Measures of Location
If the measures are computed for data from a sample,they are called sample statistics.
If the measures are computed for data from a population,they are called population parameters
A sample statistic is referred to as the point estimator of the corresponding population parameter
Mean
The mean of a data set is the average of all the data values.
The sample mean (xbar) is the point estimator of the population mean (mu).
Measures of variability
It is often desirable to consider measures of variability (dispersion), as well as measures of location.
For example, in choosing supplier A or supplier B we might consider not only the average delivery time for each, but also the variability in delivery time for each
Forms of measures of variability
Range Variance Standard Deviation Coefficient of variation Interquartile range
Range
The range of a data set is the difference between the largest and smallest data values.
It is the simplest measure of variability
It is very sensitive to the smallest and largest data values
Variance
The variance is a measure of variability that utilizes all the data.

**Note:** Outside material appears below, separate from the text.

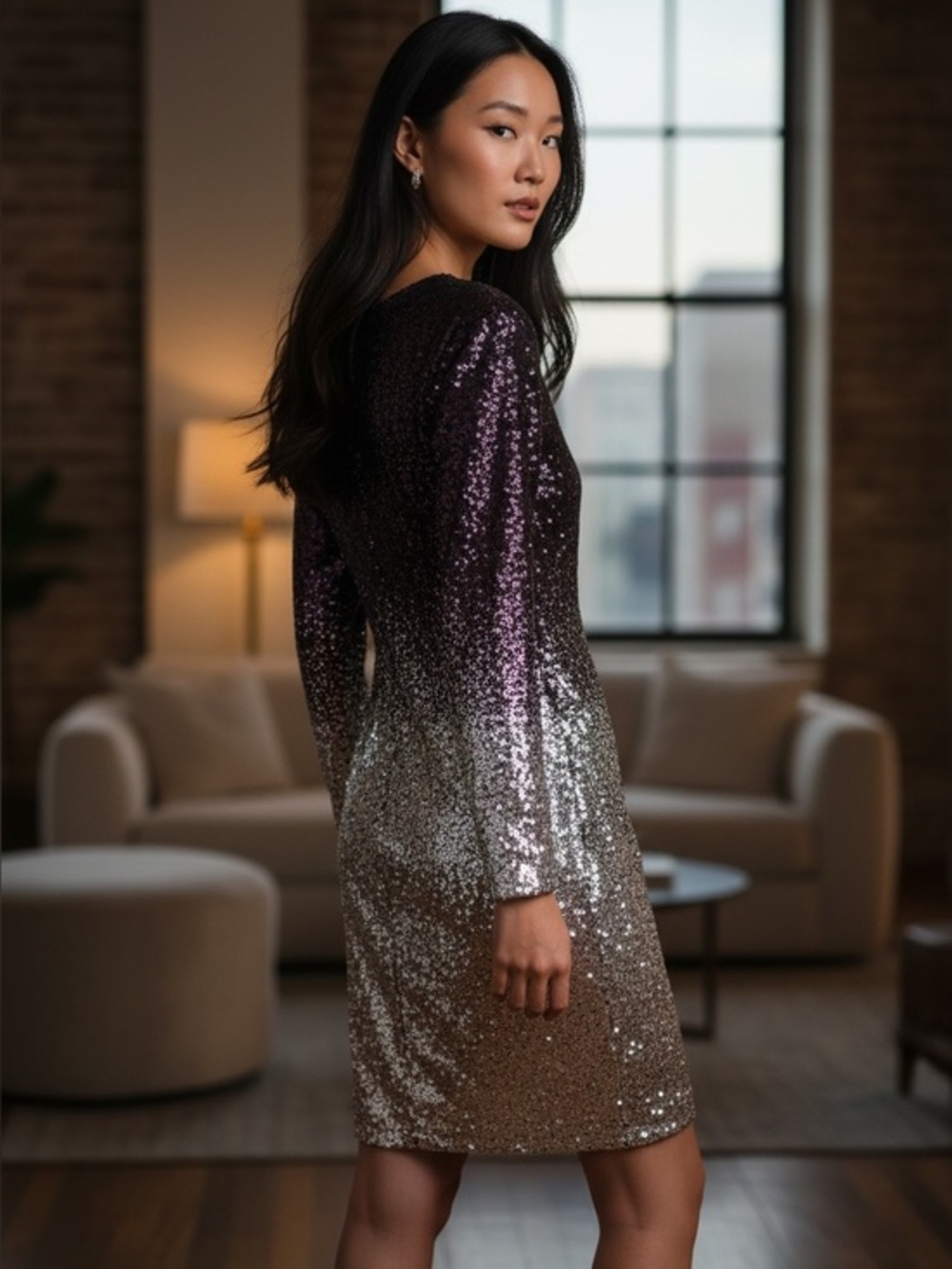 ✨ NWT Fashion Nova Ombre Sequin Cocktail Dress Medium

It is based on the difference between the value of each observation (xi) and the mean
(xbar for a sample,
mu for a population).
The variance is the average of the squared
differences between each data value and the mean.
Standard Deviation
The standard deviation of a data set is the positive square root of the variance.
It is measured in the same units as the data, making it more easily interpreted than the variance.
Coefficient of variation
The coefficient of variation indicates how large the standard deviation is in relation to the mean.
Distribution Shape: Skewness
Symmetrical, Skewness = 0, median and mean are the same, perfect bell curve
Moderately skewed to the left
mean will be less than the median
Moderately skewed to the right
mean will be more than the median
Z-Score
The z-score is often called the standardized value.
It denotes the number of standard deviations a data value xi is from the mean
An observation’s z-score is a measure of the relative location of the observation in a data set.
A data value less than the sample mean will have a z-score less than zero
A data value greater than the sample mean will have a z-score greater than zero
A data value equal to the sample mean will have a z-score of zero
Empirical Rule
For data having a bell-shaped distribution:
- 26% of the values of a normal random variable are +/- 1 standard deviations of the mean
- 44T of the values of a normal random variable are +/- 2 standard deviations of the mean
- 72% of the values of a normal random variable are +.- 3 standard deviations of the mean
Covariance
The covariance is a measure of the linear association between two variables.
Positive values indicate a positive relationship
Negative values indicate a negative relationship
Correlation Coefficient
Correlation is a measure of linear association and not necessarily causation
Just because two variables are highly correlated, it does not mean that one variable is the cause of the other
The coefficient can take on values between -1 and +1
Values near -1 indicate a strong negative linear relationship
Values near +1 indicate a strong positive linear relationship
Steps of Hypothesis Testing:
Step 1. Develop the null and alternative hypothesis
Step 2. specify the level of significance
Step 3. Collect the sample data and compute the value of the test statistic
p-value approach:
Step 4. Use the value of the test statistic to compute the p-value
Step 5. reject the null hypothesis if the p-value is less than or equal to sigma (the standard deviation)
Critical Value Approach:
Step 4. Use the level of significance to determine the critical value and the rejection rule
Step 5. Use the value of the test statistic and the rejection rule to determine whether to reject the null hypothesis.